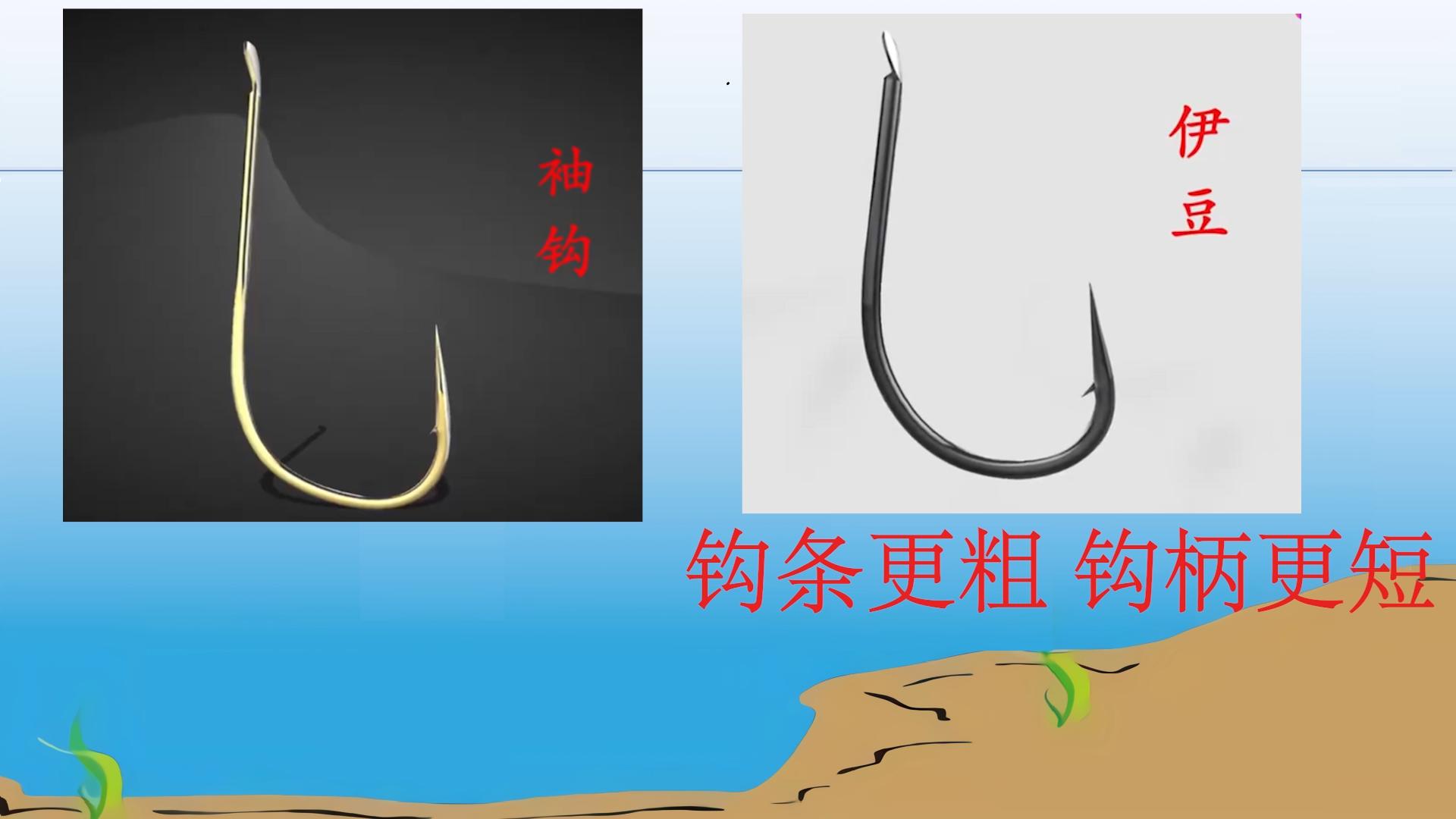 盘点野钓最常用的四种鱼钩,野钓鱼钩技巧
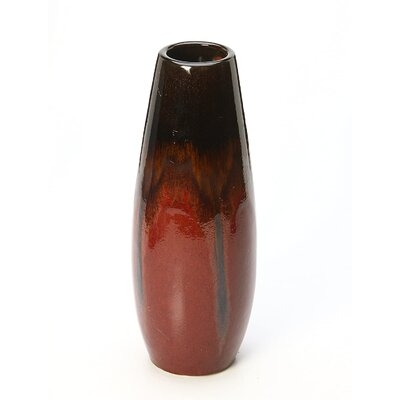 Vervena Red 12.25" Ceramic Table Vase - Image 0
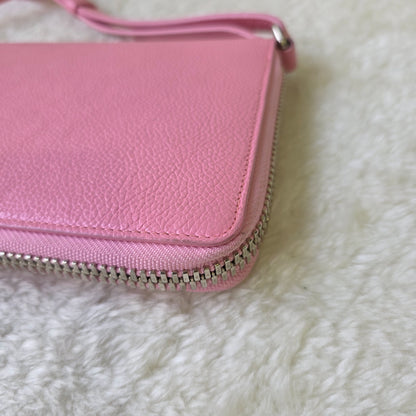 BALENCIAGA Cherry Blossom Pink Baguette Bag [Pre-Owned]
§ §
◆ WHAT YOU SHOULD DO
From the first line to the last, repeat the material exactly, but drop the pictures.

◆ PROBLEM SOLUTION
 盘点野钓最常用的四种鱼钩,野钓鱼钩技巧
 Vervena Red 12.25" Ceramic Table Vase - Image 0
 BALENCIAGA Cherry Blossom Pink Baguette Bag [Pre-Owned]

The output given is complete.